第九酒席 酒で溢れる本音の嵐

28 陰気な国に、陽気な酒

 ブランカの城下町へ下り、あらためてよく景色を見てみると、そこは中世ヨーロッパを思わせる石造りの町で、銀二にとっては馴染みのないものだった。映画やアニメ、漫画なんかではお馴染みだが、懐かしさを感じることもなければ、憧れがあるわけでもない。けれど、こういう世界だからこそ、酒がないというのも不思議に思えた。


 酒の歴史は古く、紀元前三千年、四千年と遡り、その始まりや発見はいつも偶然であることが多い。

 そして発見当時、酒は上流階級の人間の飲み物であって、庶民の生活に行き渡るようになるのにも時間がかかっている。そう考えると、この世界では未だ酒のはしりである果実酒も発見されていないか、どこかにはあるが、上流階級の者しか口にできないかだ。そのせいで、酒がないのではないかと思えた。


 少なくとも、このレスキア島に酒はない。


「それにしても――」


 往来する人々は、少なからずここで暮らしていくことに決めて残っているのだろうが、その未来に明るい光は未だ差していない。その表情は暗く、笑顔もなく、活気もない。

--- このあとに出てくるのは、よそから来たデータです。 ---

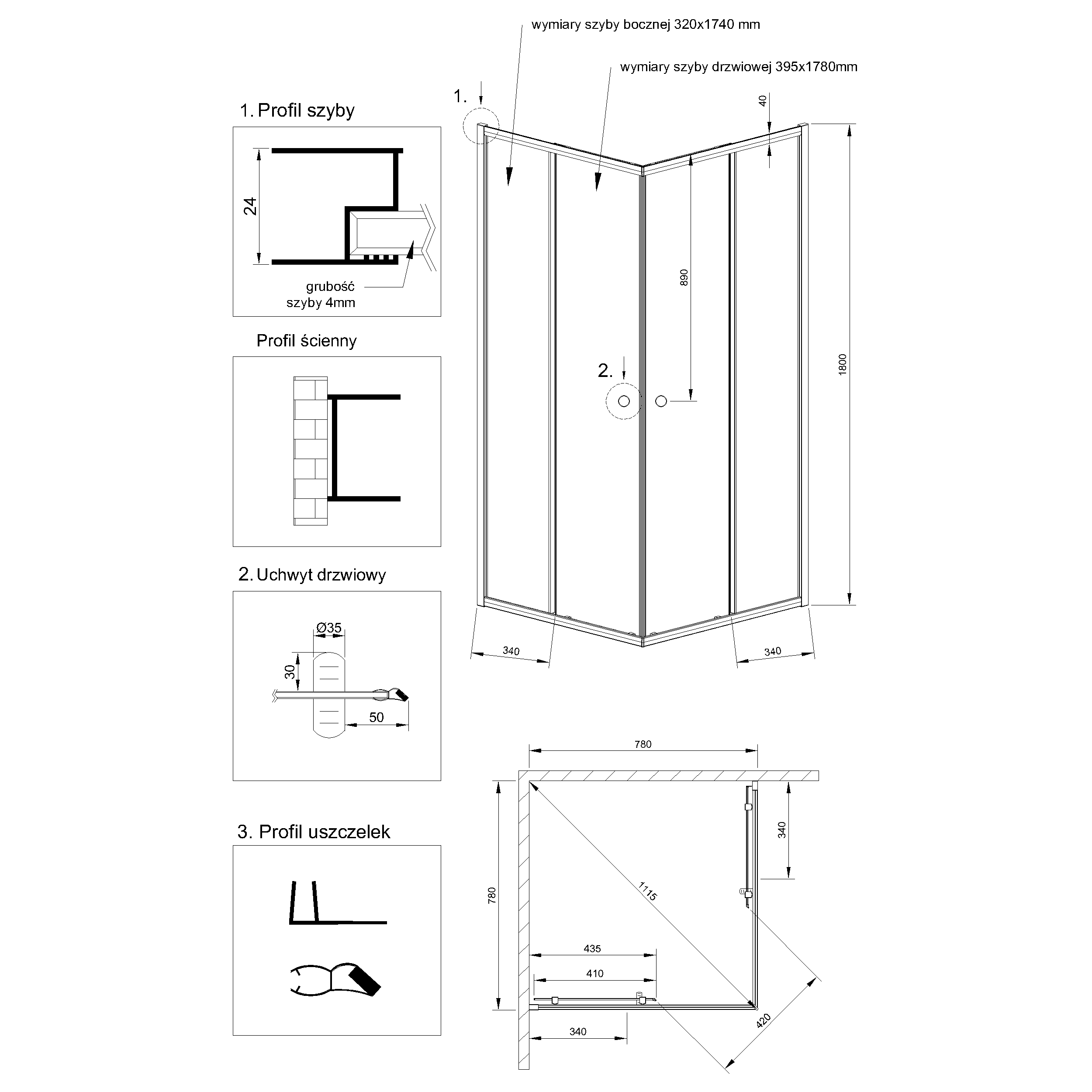 Kabina Prysznicowa 80x80 cm Bez Brodzika Kwadratowa Rozsuwana INVENA Parla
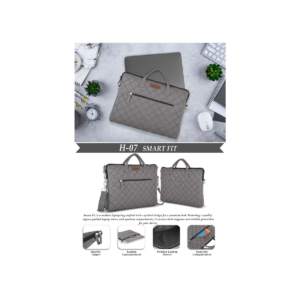 H-07 Smart Fit Laptop Sleeve Bag – Quilted Design with Handle & Zipper Pocket
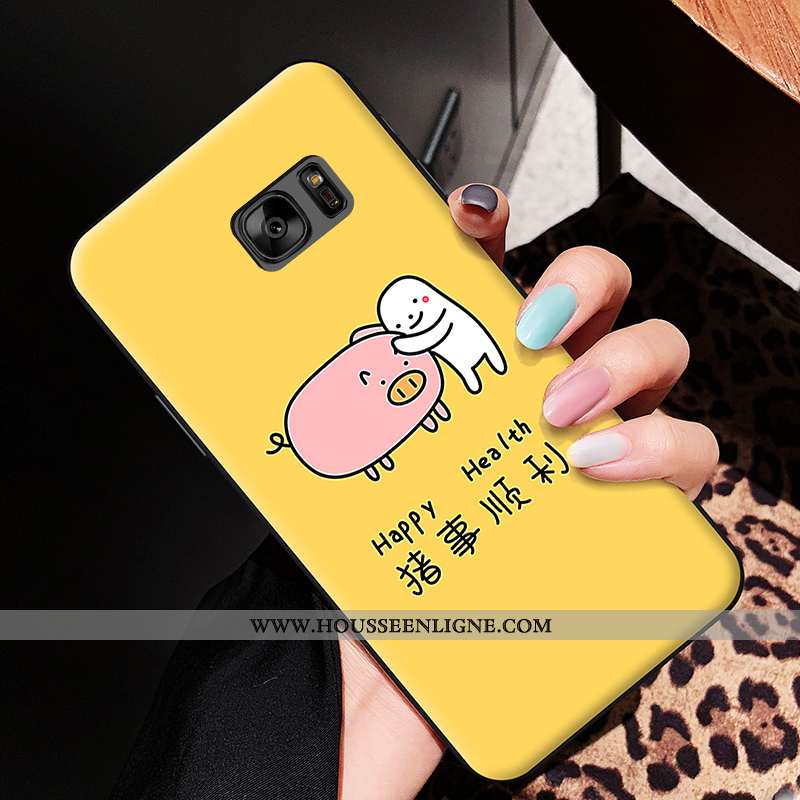 Housse Samsung Galaxy S6 Edge Silicone Dessin Animé Fluide Doux Étui Étoile Amoureux Coque Blanche
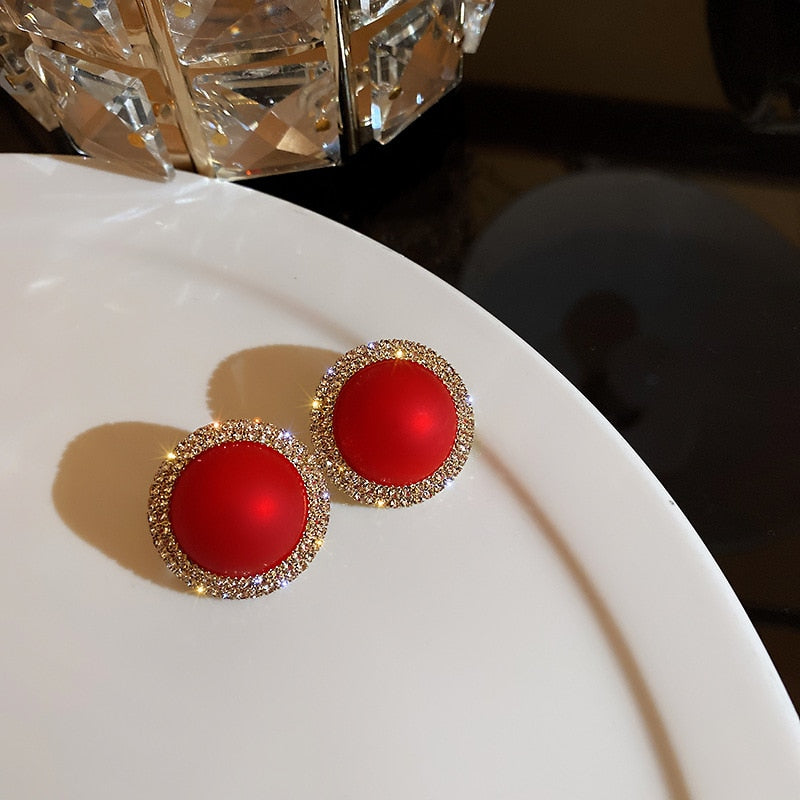 Fashion Red Rose Rhinestone Stud Earrings Flowers Jewelry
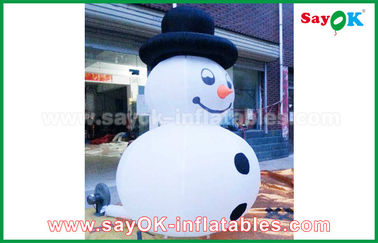 Durable White Inflatable Snowman Untuk Pesta / Liburan Dekorasi
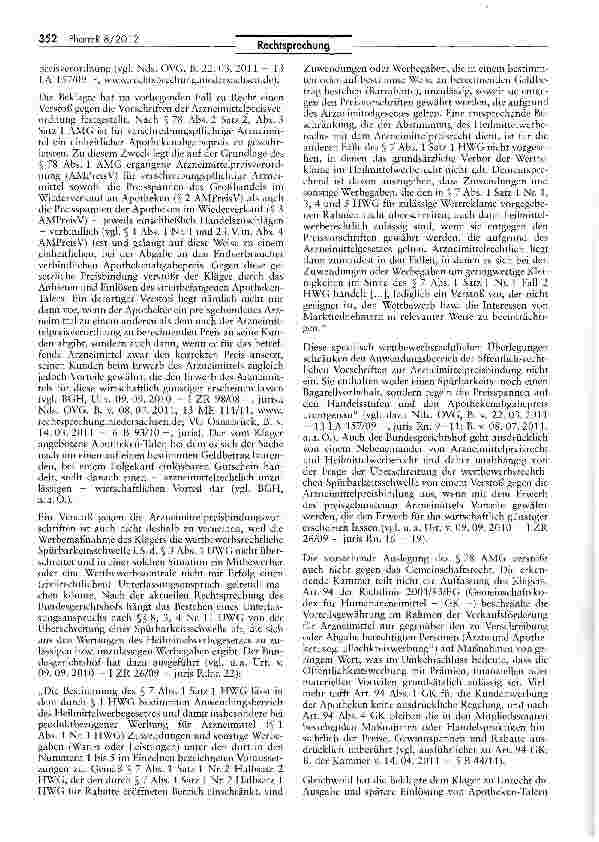 Vorschauseite 3: Zur Ausgabe von Apotheken-Werbegaben („Apotheken-Taler) bei verschreibungspflichtigen und damit preisgebundenen Arzneimitteln AMG S$ 69 II, 78; AMPreisV § 3; RL 2001/83/EG Art 94;…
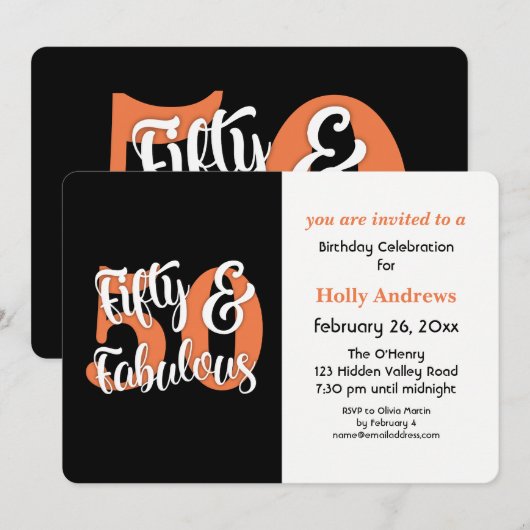 Invitation Cinquante et fabuleux Orange Typographie Anniversa (Devant / Derrière)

「空はこんなに晴れていい天気なのに、誰も彼もが暗い顔してるな。やだなあ俺」


 笑っているのは、この国が衰退していることすら知らない子供達だけだった。

 子供達は木で作った剣を手に戦争ごっこをして遊んでいたり、石で地面に絵を描いたりして遊んでいる。


「湿気タ国だ。強いのはガキばかりだな」


 辺りを睨むように見回して、アジャが言った。


「子供は無邪気だからねえ」アルコが言った。

「違う。強いやつが、勝ったやつが笑うんじゃナイ。笑い続けるやつが強く、戦いに勝つ。苦しい表情、負け犬の顔は、敗北を呼び込ム。あの騎士のコゾウはダメだ。あいつには、何が何でも勝つという気迫がない」


 突然語り出したアジャに、銀二とアルコは目を丸くした。


「す、すげえ饒舌じょうぜつに語るっすね。さすが戦士? それ、アジャの部族の宗教?」

「家訓だ」

「カクーン」

「っふん――おいガキども!」


 アジャは近くで遊んでいた子供の首根っこを捕まえると、「腹が減った!」と耳元で叫んだ。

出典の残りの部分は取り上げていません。